Terracotta 10.7 | About Terracotta | Introduction to Terracotta
 
Introduction to Terracotta
Terracotta is a comprehensive, distributed in-memory data management solution which caters to caching and operational storage use cases, and enables transactional and analytical processing. Terracotta has one of the most powerful query and computation capabilities in its class, leveraging native JDK features such as Java Streams, collections, and functions.
Terracotta supports the following sub-systems:
1. A storage sub-system called TCStore, that caters to operational store and compute functionality. The API exposing this sub-system's functionality is the TCStore API.
2. A caching sub-system called Ehcache, that caters to caching functionality. The API exposing this sub-system's functionality is the Ehcache API.

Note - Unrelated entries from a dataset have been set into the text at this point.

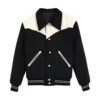 Las Vegas GP Noah Lyles Teddy Blouson Varsity Jacket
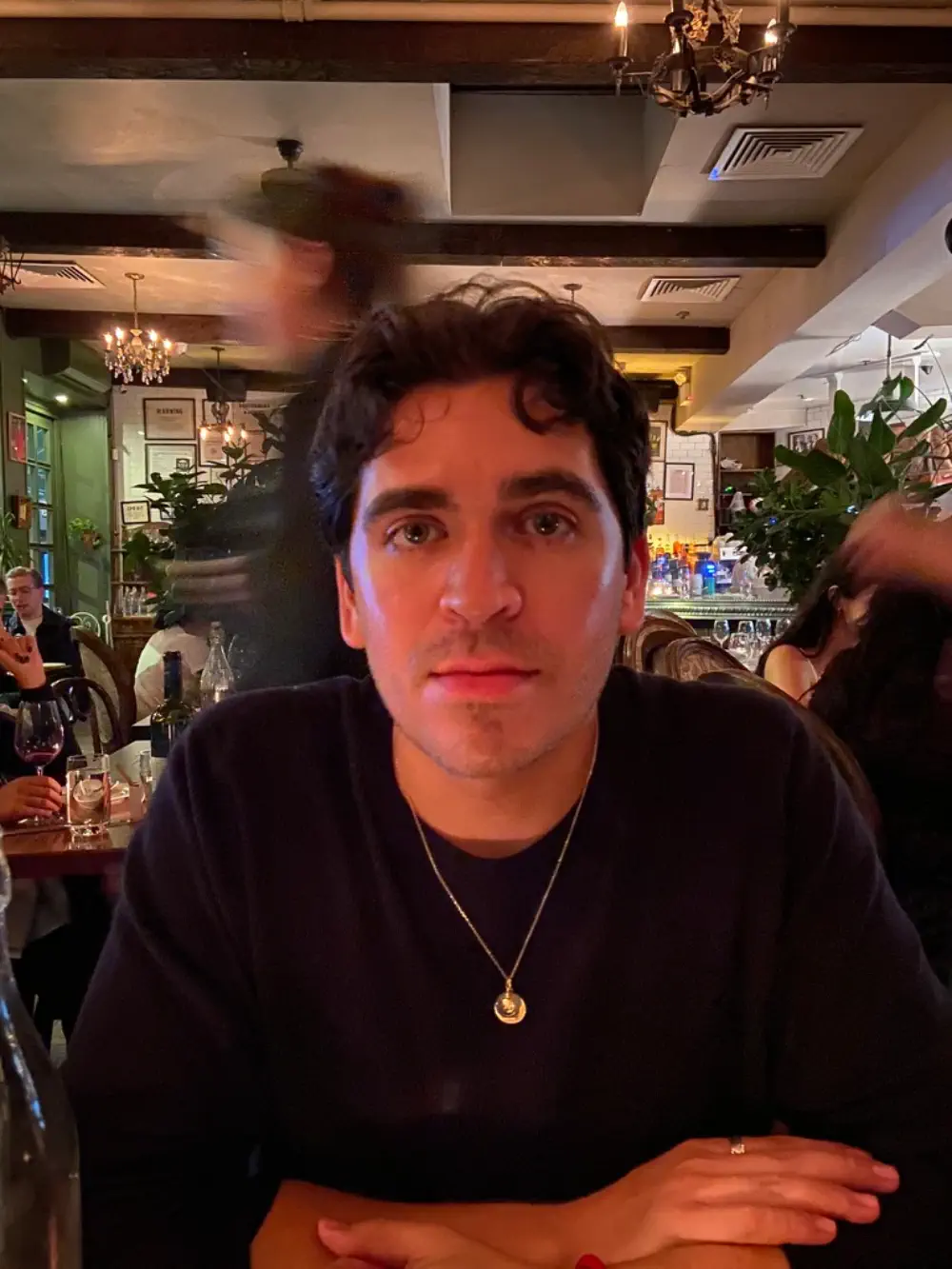 Photo of Giovani Contreras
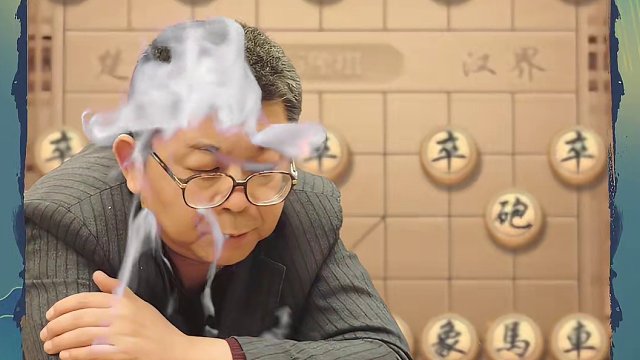 胡荣华VS李来群，弃马求攻经典大战！ #象棋 #jj象棋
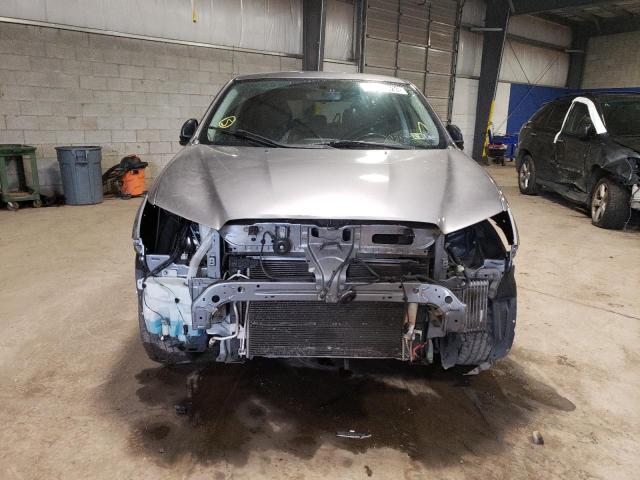 Photo 5 from auction – 2018 MITSUBISHI OUTLANDER with VIN JA4AP3AU3JU003885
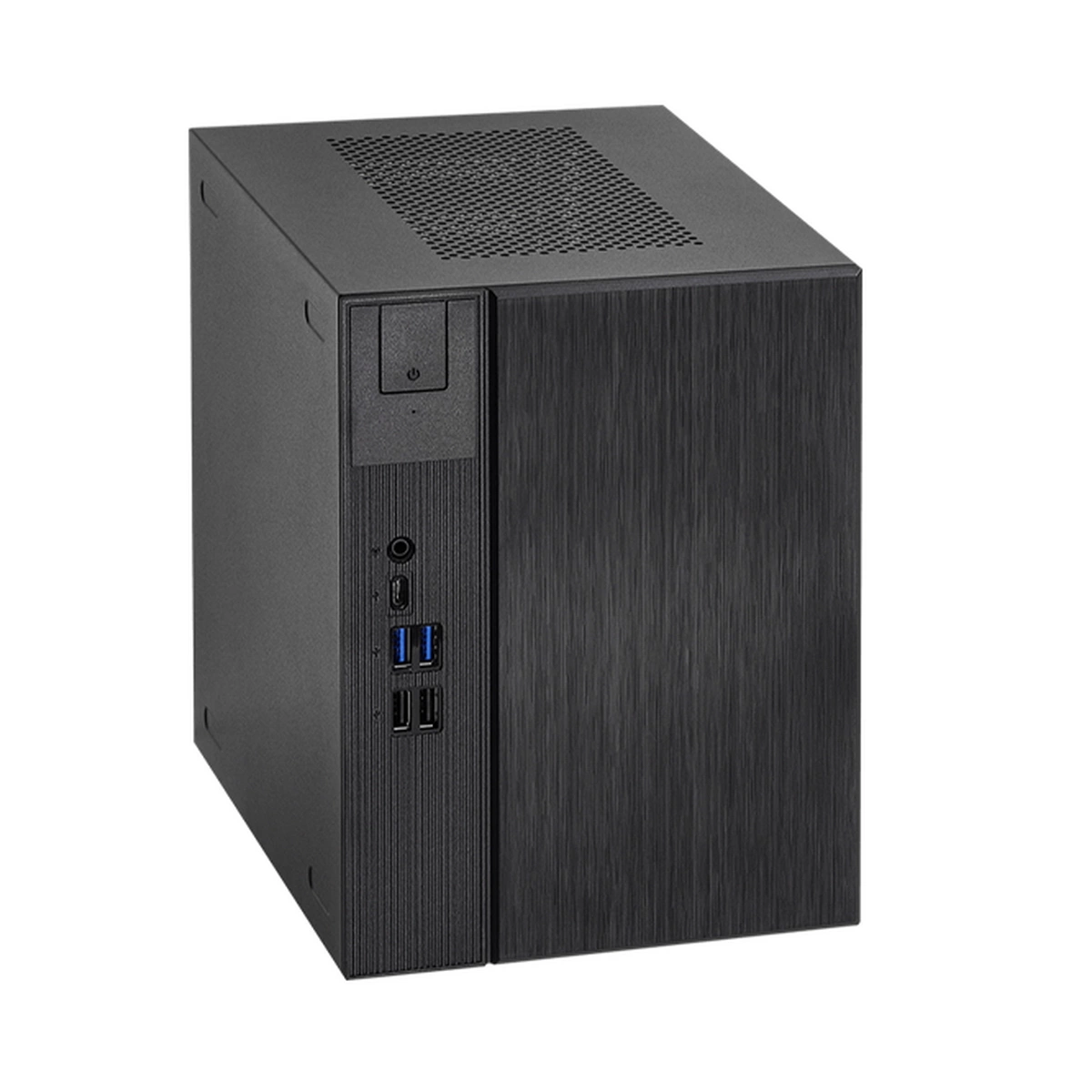 DESKMEET B660 Series B660W/ B/ BB/ BOX/ 3L for 12 and 13 Gen, supports discrete Dual slot Graphics card 4 x DDR4 DIMM slots, 2 Graphics card up to 20CM,3 x SATA3 6.0Gb/ s ports, wifi, bt, 500w power supply (90BXG4C01-A21GA0W)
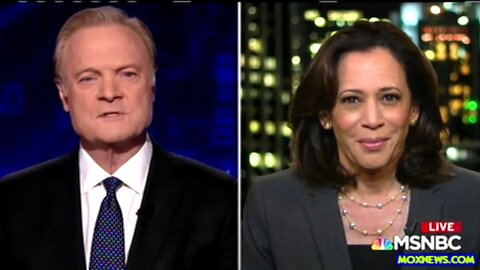 Kamala Harris "Secretary Of State Mike Pompeo Has A Lot Of Questions To Answer!"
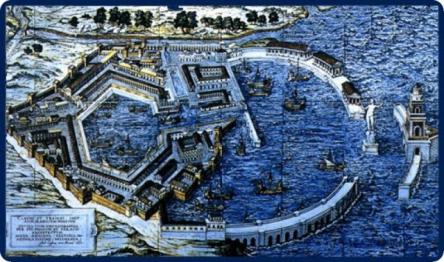 Il porto di Traiano: visita guidata dell’area archeologica di Portus *apertura 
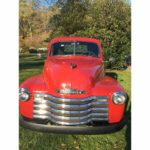 1950 Chevy 3100 Restoration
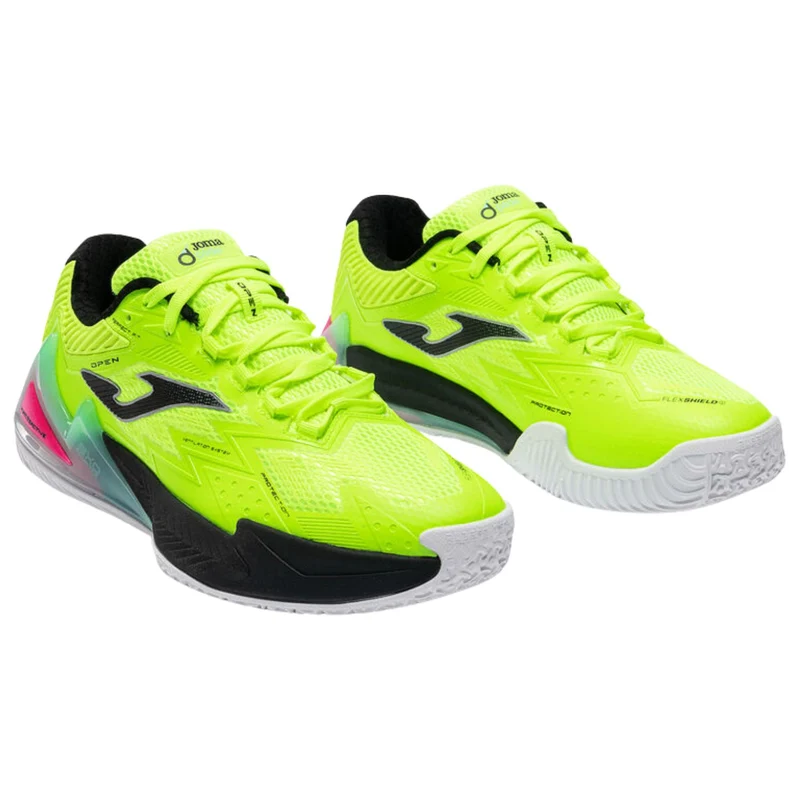 Joma Open 2026 Yellow Heren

Both sub-systems are backed by the Terracotta Server, which provides a common platform for distributed in-memory data storage with scale-out, scale-up and high availability features.
The Terracotta APIs
Terracotta offers two distinct APIs for caching and storage:
Ehcache API
The Ehcache API is an improved version of Java's de facto caching API, Ehcache. It has a powerful, streamlined, modernized caching API taking advantage of newer Java features as well as the capability to be used via the JSR-107 "JCache" API. Some of the key high level feature of this API include:
*Leverages Java generics and simplifies cache interactions
*Full compatibility with javax.cache API (JSR-107)
*Storage
*In-memory storage with optional persistence to disk and ultra-fast recovery
*Java-based Key/Value store optimized for caching workloads
*The industry's first and best Offheap storage capabilities
*Distributed Store
*Supports various scale-out and HA deployment configurations
*Flexible, fine-granular configuration of availability, consistency, and durability
TCStore API
TCStore API is an interface for distributed in-memory data storage and computation, which has powerful ties to JDK features related to streams, collections and functions. Under the hood it is powered by a completely new and powerful storage engine which is an "Aggregate oriented, Key-Value, wide-column store" built upon a very high performance and highly scalable architecture. Some of the key high level feature of this API include:
*Flexible Data Model
*Aggregate oriented, Key-Value store
*Loose schema: modeling of data with structured and typed aggregate values within records
*Storage
*In-memory storage with optional persistence to disk and ultra-fast recovery
*Java-based Key/Value store optimized for data storage workloads
*Secondary in-memory indexes to speed-up search and compute
*Distributed Store
*Supports various scale-out and HA deployment configurations
*Flexible, fine-granular configuration of availability, consistency, and durability
*Data Analysis
*Search and Analyze capabilities that work naturally with Java 8 technologies
*Java stream API to filter, aggregate, map data
*DSL with a library of pre-implemented lambda functions enabling server-side execution of queries
Along with the two separate APIs, Terracotta is built upon the next generation of Terracotta Server/Server Array. Both the Ehcache API and the TCStore API leverage the power of this new distributed computing platform with reduced complexity and enhanced performance and scalability. Similarly the shared platform provides common monitoring and management capabilities.
Illustration of the separation of use cases. Ehcache versus TC Store API with a common platform and management.
Ehcache versus TCStore: Why Two Different APIs?
The two different APIs help simplify development and separation of data management concerns based upon use case. In a nutshell:
Ehcache is the right API to: ...
*access relevant data, in large amounts, at maximum speed by simple key/value look-up
*load hot, fresh data for as short as you may need it and replace stale data by more relevant data from the System of Record
*offload work from the System of Record
because Ehcache ...
*continually works to keep hotter, fresher entries available at the fastest, in-memory speeds
*is optimized to for application caching needs
TCStore is the right API to: ...
*store data that you always expect to be there (free from eviction concerns)
*store data that you expect to perform reliable search and queries on, at in-memory speeds
*be your database of record
because TCStore ...
*allows data to be structured and strongly typed
*entries can be looked up by key and queried on by field
It's important to understand that there is a strict separation between the Ehcache API and the TCStore API, even when used with the same Terracotta Server:
Any information placed using the TCStore API cannot be retrieved using the Ehcache API and vice versa.
Terracotta Server provides the core distributed storage platform and is common for data placed using both the Ehcache API and the TCStore API, yet the cache data is managed separately from stored data.